He was paroled in 1971 and returned to Chicago where he worked for a construction contractor. In 1975, he bought a house in the Chicago suburb of Des Plaines, where his lived with his now-widowed mother, and established his own home improvement business, PDM Contracting. He married a woman he had known since high school, and she and her two daughters moved in with him (his mother moved out). He became a prominent local businessman, a member of the Jaycees and a Democratic precinct captain. It was also during this time he claimed his first known victim, a teenage boy he picked up at a bus depot. His marriage fell apart and his wife divorced him in mid-1976. Free of family obligations, Gacy began his double life: respected member of the community by day, sexual predator and murderer by night.
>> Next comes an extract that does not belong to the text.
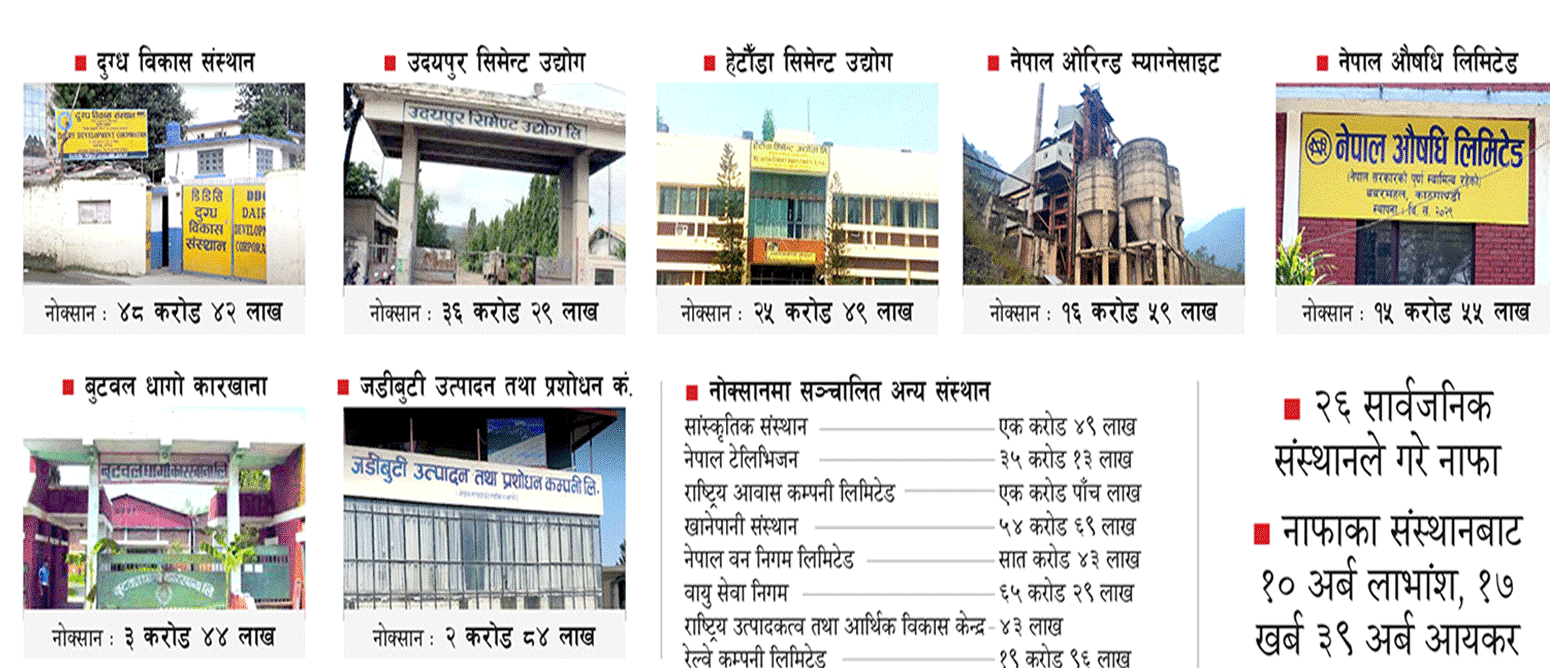 सञ्चालनमा रहेका सबै सरकारी उद्योग घाटामा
No suspicion fell on him until late 1978 when he was investigated following the disappearance of a teenage boy who was last seen with Gacy. A search of his house revealed a number of incriminating items related to other disappearances. In December 1978 Gacy went to the police and confessed. He claimed he had first killed in January 1972. He confessed to 33 murders, indicating where the bodies were in 28 of the cases—buried under his house. The other five he said where thrown into the Des Plaines River. Most of the victims were young male prostitutes. Some victims were also teenage boys who Gacy had hired in his contracting firm. Bodies were uncovered from December 1978 to April 1979 when the last known victim was found downstream in the Illinois River.
On February 6, 1980, Gacy's trial began in Chicago. During the trial Gacy's plea of not guilty by reason of insanity was rejected and he was found guilty on March 13 and sentenced to death. On May 10, 1994 he was executed in an Illinois prison by lethal injection. His execution was a minor media sensation, and large crowds of people gathered on the grounds of the penitentiary where it occurred. In a display of what has been called "shocking bad taste," vendors sold T-shirts and Gacy merchandise, and the people cheered at the moment when Gacy was pronounced dead.
Some have pointed to his poor relationship with his alcoholic father and head trauma and subsequent blackouts in his teens years to provide some basis for his acts. However, an examination of Gacy's brain after his execution by the forenseic pyschiatrist hired by his lawyers revealed no abnormalities. She has said Gacy didn't fit into any psychological profile associated with serial killers, and the reasons for his rampage will probably never be known.